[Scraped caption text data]
--------------------
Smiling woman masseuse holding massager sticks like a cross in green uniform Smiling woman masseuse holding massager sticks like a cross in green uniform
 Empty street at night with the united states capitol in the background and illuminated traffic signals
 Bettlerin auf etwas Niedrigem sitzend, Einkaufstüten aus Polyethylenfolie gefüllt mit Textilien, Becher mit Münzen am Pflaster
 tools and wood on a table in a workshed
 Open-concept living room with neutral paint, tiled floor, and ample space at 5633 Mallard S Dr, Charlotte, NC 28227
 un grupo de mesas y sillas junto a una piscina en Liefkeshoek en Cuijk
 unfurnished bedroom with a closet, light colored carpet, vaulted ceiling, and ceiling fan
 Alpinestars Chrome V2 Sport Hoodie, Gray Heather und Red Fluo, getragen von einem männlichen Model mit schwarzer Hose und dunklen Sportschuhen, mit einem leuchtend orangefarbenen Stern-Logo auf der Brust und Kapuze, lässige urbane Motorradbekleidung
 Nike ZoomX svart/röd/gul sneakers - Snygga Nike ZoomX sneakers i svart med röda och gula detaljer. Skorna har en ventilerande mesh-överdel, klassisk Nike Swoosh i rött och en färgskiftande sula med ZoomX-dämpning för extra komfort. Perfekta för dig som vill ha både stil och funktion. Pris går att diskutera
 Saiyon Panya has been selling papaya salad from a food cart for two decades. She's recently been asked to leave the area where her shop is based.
--------------------
WHAT THIS TASK INVOLVES:
The data above needs retyping. Reproduce each line exactly.

EXERCISE ANSWER:
Smiling woman masseuse holding massager sticks like a cross in green uniform Smiling woman masseuse holding massager sticks like a cross in green uniform
 Empty street at night with the united states capitol in the background and illuminated traffic signals
 Bettlerin auf etwas Niedrigem sitzend, Einkaufstüten aus Polyethylenfolie gefüllt mit Textilien, Becher mit Münzen am Pflaster
 tools and wood on a table in a workshed
 Open-concept living room with neutral paint, tiled floor, and ample space at 5633 Mallard S Dr, Charlotte, NC 28227
 un grupo de mesas y sillas junto a una piscina en Liefkeshoek en Cuijk
 unfurnished bedroom with a closet, light colored carpet, vaulted ceiling, and ceiling fan
 Alpinestars Chrome V2 Sport Hoodie, Gray Heather und Red Fluo, getragen von einem männlichen Model mit schwarzer Hose und dunklen Sportschuhen, mit einem leuchtend orangefarbenen Stern-Logo auf der Brust und Kapuze, lässige urbane Motorradbekleidung
 Nike ZoomX svart/röd/gul sneakers - Snygga Nike ZoomX sneakers i svart med röda och gula detaljer. Skorna har en ventilerande mesh-överdel, klassisk Nike Swoosh i rött och en färgskiftande sula med ZoomX-dämpning för extra komfort. Perfekta för dig som vill ha både stil och funktion. Pris går att diskutera
 Saiyon Panya has been selling papaya salad from a food cart for two decades. She's recently been asked to leave the area where her shop is based.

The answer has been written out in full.